Time Tripping
A book is a play with spacetime. The writer has spent months or years weaving narrative that you will follow over a few days or weeks, perhaps in one day if you’re particularly riveted. The time the creative process takes is compressed to produce an experience that can happen in less time. And so books dance in and out of time as they come into our lives, To keep up in my African novels, I’ve been reading two books that are African by way of Diaspora, written by writers whose people left Africa more recently than mine. OPEN WATER by Caleb Azumah Nelson was heartbreaking in its beauty, tender and intimate as it traced a young love story in London with the son of Ghanaian immigrants as its protagonist. It deliberately placed itself in conversation with Black art through the music and culture that became part of character’s lives, all drawn with such deeply raw and poetic prose. There was never a moment while I read this book that I wasn’t enraptured by it. I needed something of this beauty to sustain me. And curiously it came up in a conversation with a good friend that this book had crossed her path too, though she’d had a far different experience with it. We view art through the lens of our own minds, however they are curved or clouded.

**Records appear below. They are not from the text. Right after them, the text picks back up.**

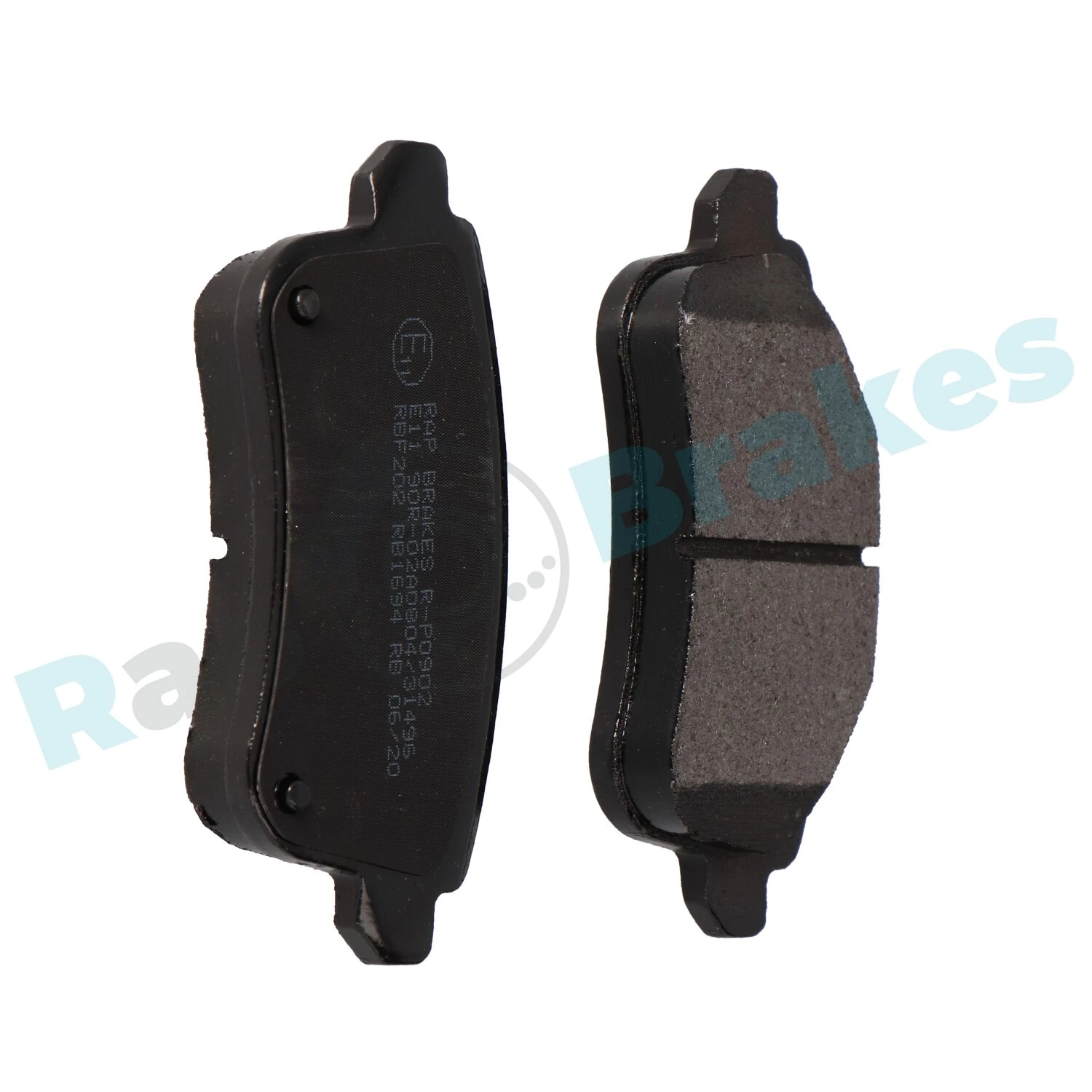 Brake Pad Set, disc brake R-P0902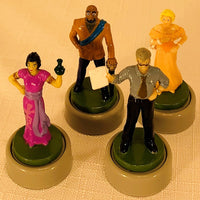 Clue Fx Game - 2003 - Parker Brothers - Great Condition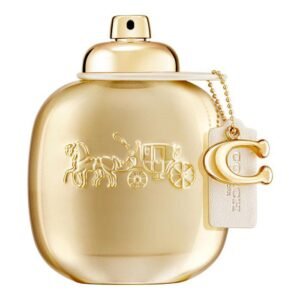 Coach Gold Eau de Parfum 90ml Spray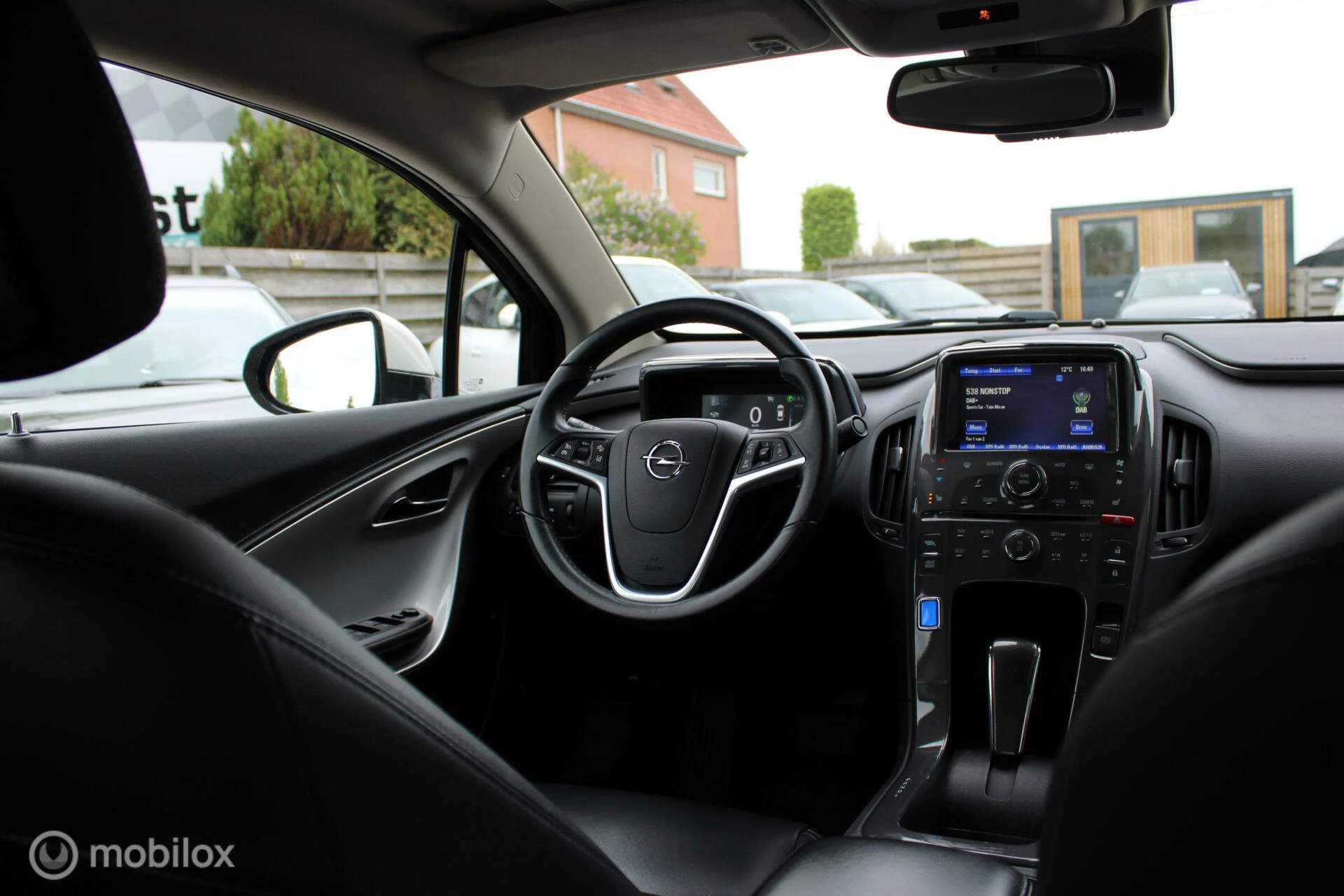 Hoofdafbeelding Opel Ampera
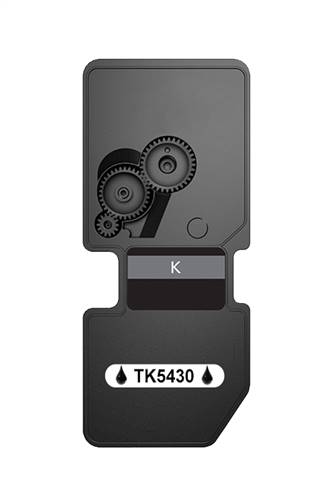 Kompatibilný toner pre Kyocera TK-5430 Black 1250 strán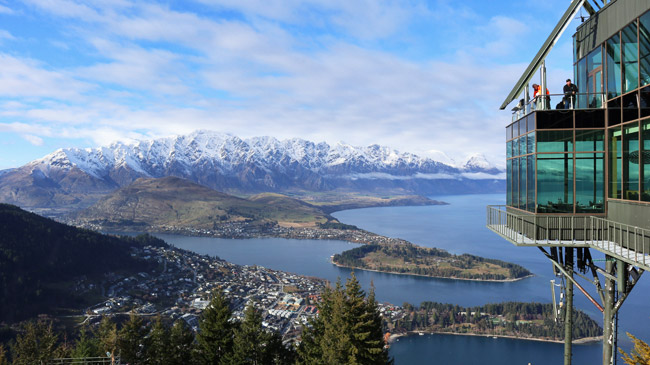 Roteiro de 3 dias em QUEENSTOWN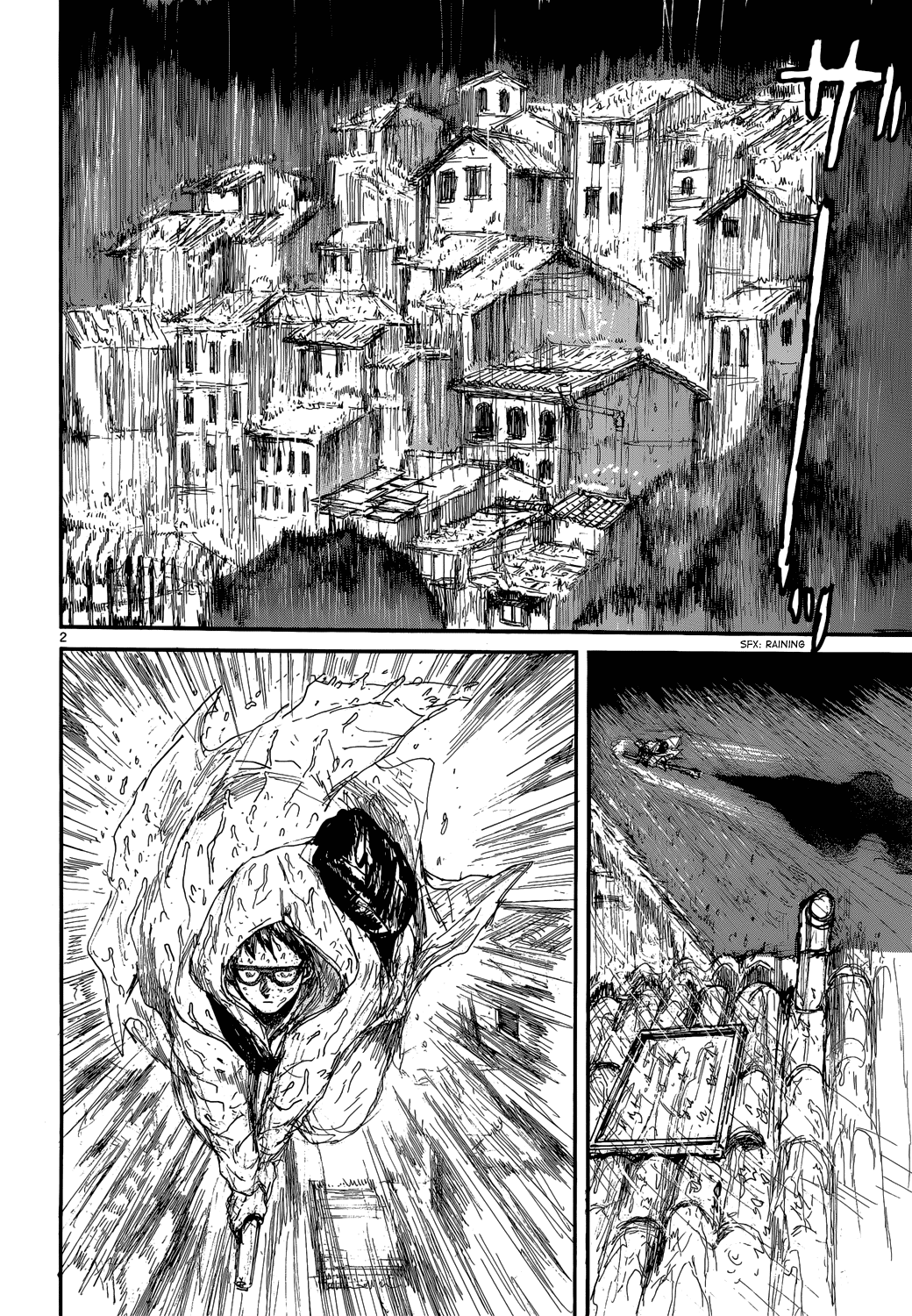 Dorohedoro chapter 146 page 2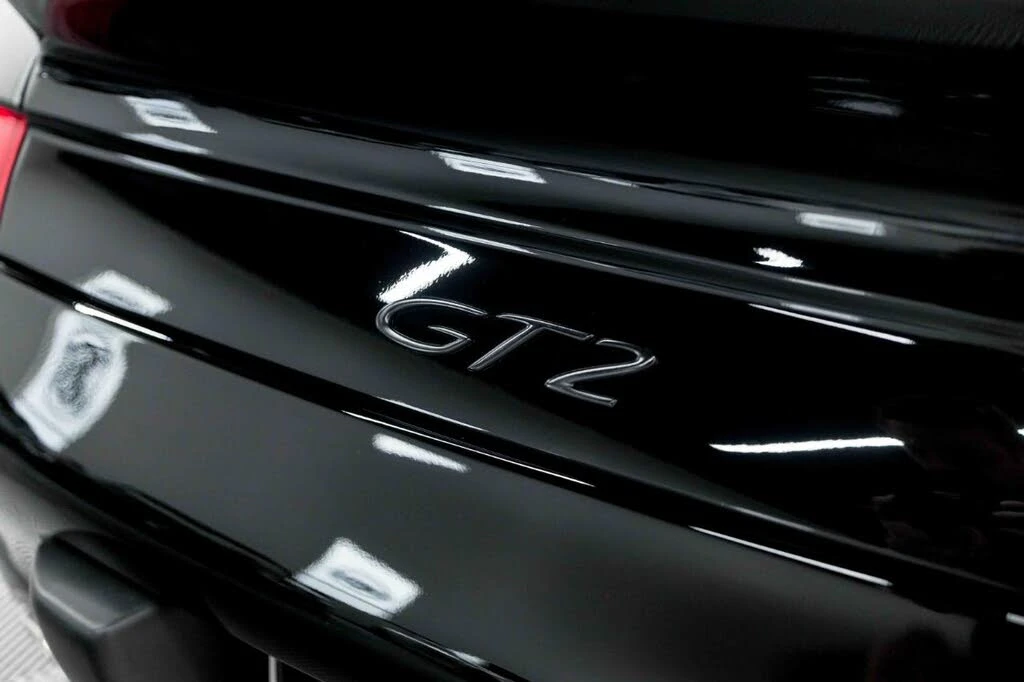 2002 Porsche 996 GT2 - Image 25 of 31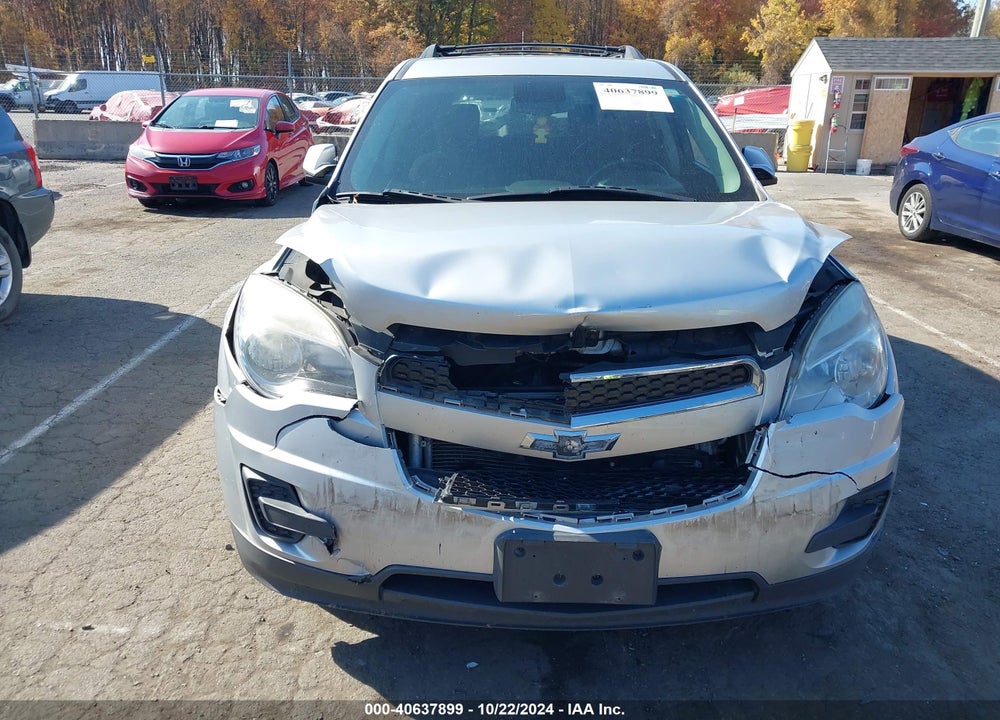 2013 CHEVROLET EQUINOX 1LT VIN: 2GNFLEEK1D6244110
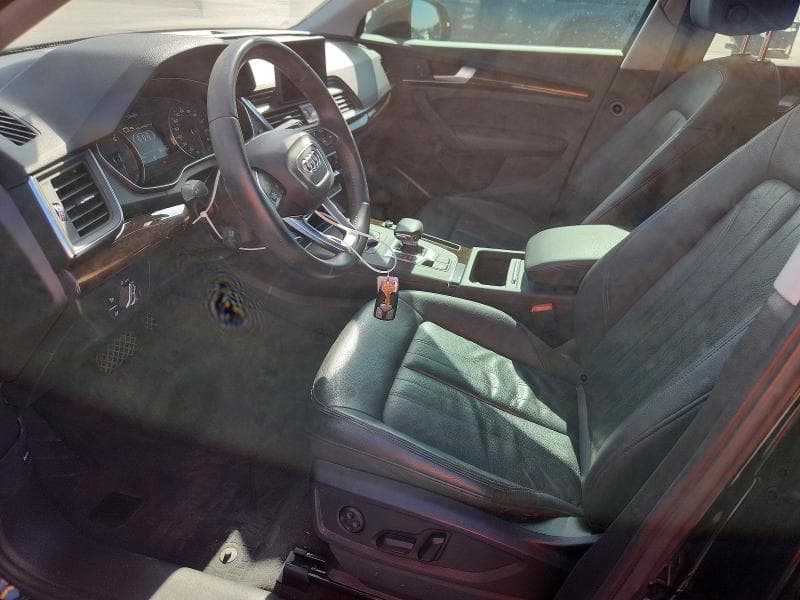 2020 AUDI Q5 PREMIUM/TITANIUM PREMIUM PREMIUM/TITANIUM PREMIUM 7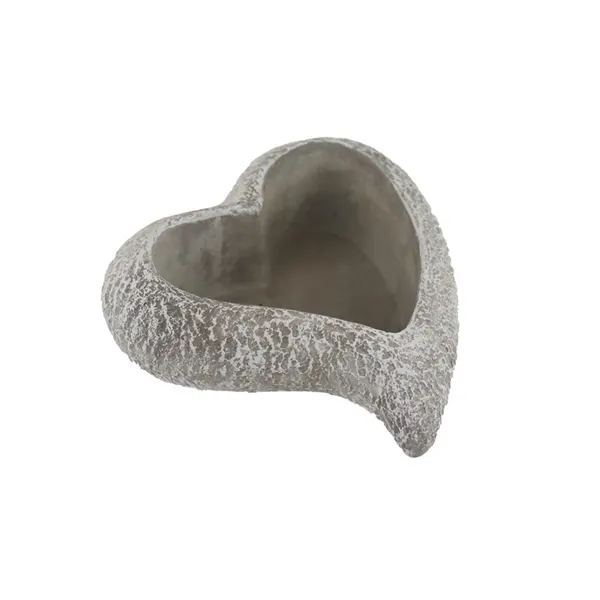 Decorative planter heart X5941/1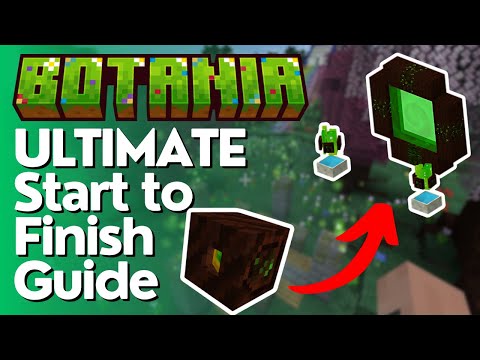 The Ultimate Guide to Botania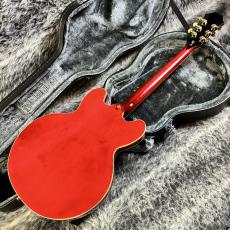 Epiphone Masterbilt Gem Archer Sheraton Cherry Red_8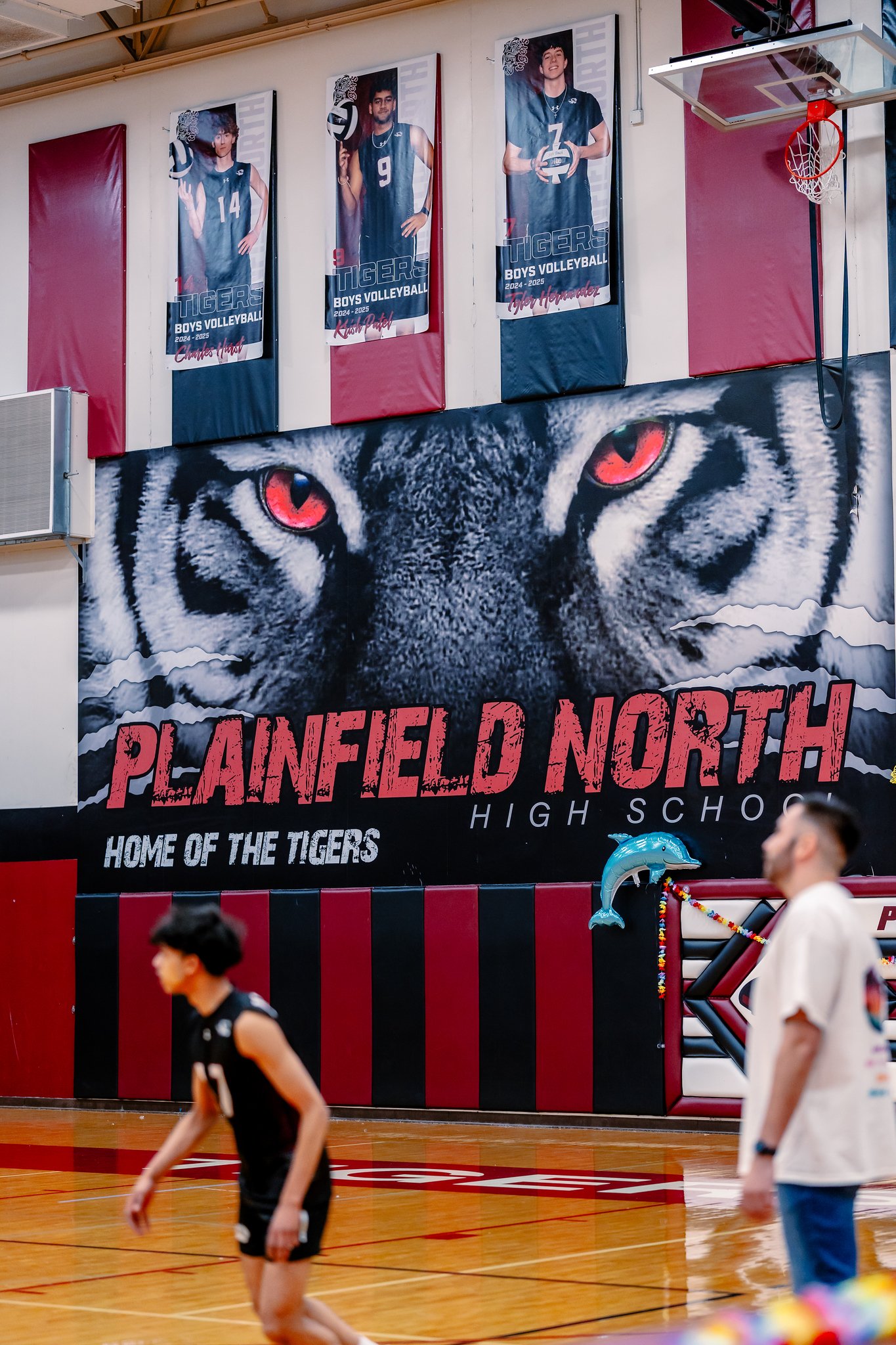 Plainfield North – Senior Night - Jan 1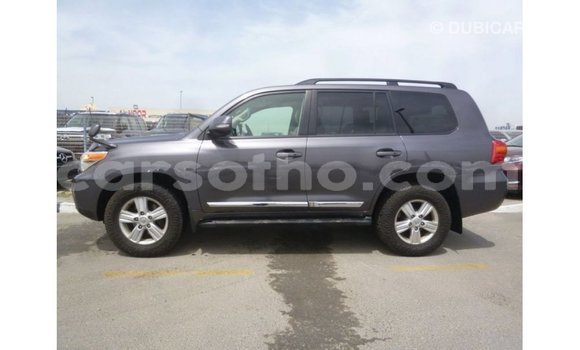 Sayi Imported Toyota Land Cruiser Other Mota in Import - Dubai a Maseru Sayi Imported Toyota Land Cruiser Other Mota in Import - Dubai a Maseru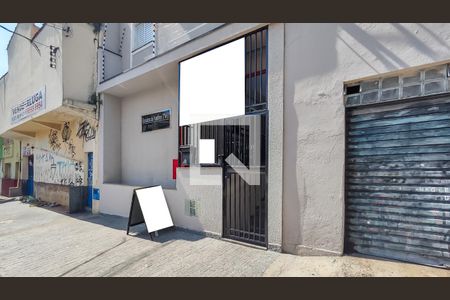 Fachada do Prédio de apartamento à venda com 1 quarto, 24m² em Santana, São Paulo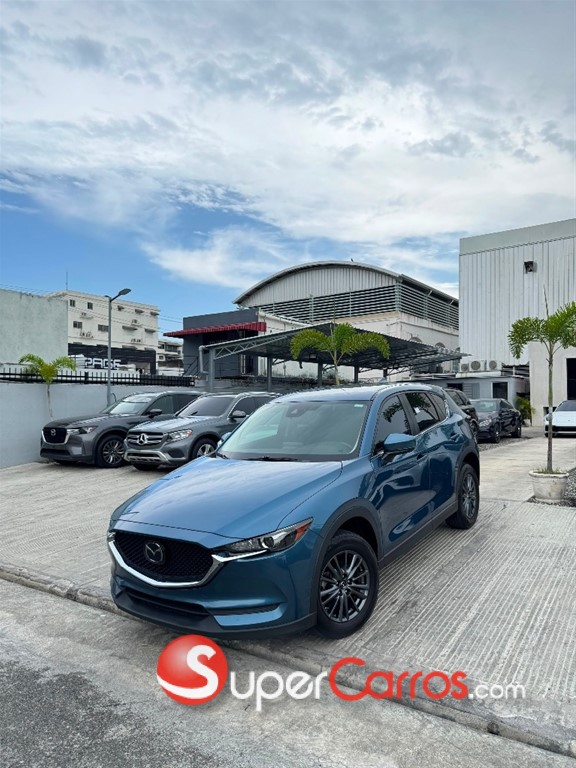 2020 Mazda CX-5 Sport — foto 3 / 11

I’ve been coursing through Dinaw Mengestu’s SOMEONE LIKE US too. I look forward to any novel he writes because I’ve loved his past ones, and this is taking me through complex and embittered relationships between the characters in the life of its Ethiopian American protagonist. This is a book I’ve been taking a while to get through, picking up to read for days then putting down when there’s other demands of my time, through no failure of the book to hold me, but just because this is the way we move through time with books sometimes. They weave in and out of our experience, we are under their spell then the veil is cast away.
I’m also reading BEYOND COP CITIES: DISMANTLING STATE AND CORPORATE-FUNDED ARMIES AND PRISONS edited by Joy James. It explores the resistance to Cop City in Atlanta and how that extends to resistance we will all need now with the advance of totalitarianism in our country, a police state perfectly funded and developed by democrats to be handed to a rogue authoritarian who tramples every boundary the establishment set for him and is increasing repression.
All empires fall, and this one founded by slaveholders on Native genocide, where a few decades of my parents lives were the small window when Black people experienced a semblance of equal citizenship is no exception. But to know that and to sit under the dark gathering storm clouds subject to the deluge when the empire falls is a different thing. And it seems more doom comes from us every day as this one falls to a dictator determined to dismantle the country’s capacity to support. We wonder if our loved ones will be deported. We wonder if we can still have our government healthcare. Thousands of federal workers in my city woke up without jobs, ones that actually were holding the infrastructure of our country together. We wonder where will the stories go of the bold Black American people when it becomes a crime to learn our history, and where will we go when we are pushed out of the public sphere, forbidden from jobs and education? Moving in and out of time as books allow me to do is one way I strengthen myself. It is not one answer I seek but to bind myself together and understand how I too am part of the woven fabric of the cosmos. And I inhale the written word and exhale the written word as part of who I am, metabolizing words that enter me, that become part of me, and giving my own output like a tree on the sidewalk seeping oxygen from its green leaves because it can’t help it, because that is its being. Our threats are very real in the time of the doom of this white supremacist country and we have never felt the danger to be more real in our lives. I encourage us to look for our solutions beyond the empire, through looking at the tools radicalism has given us, as we fight to survive it in hopes we can taste a liberation it never offered.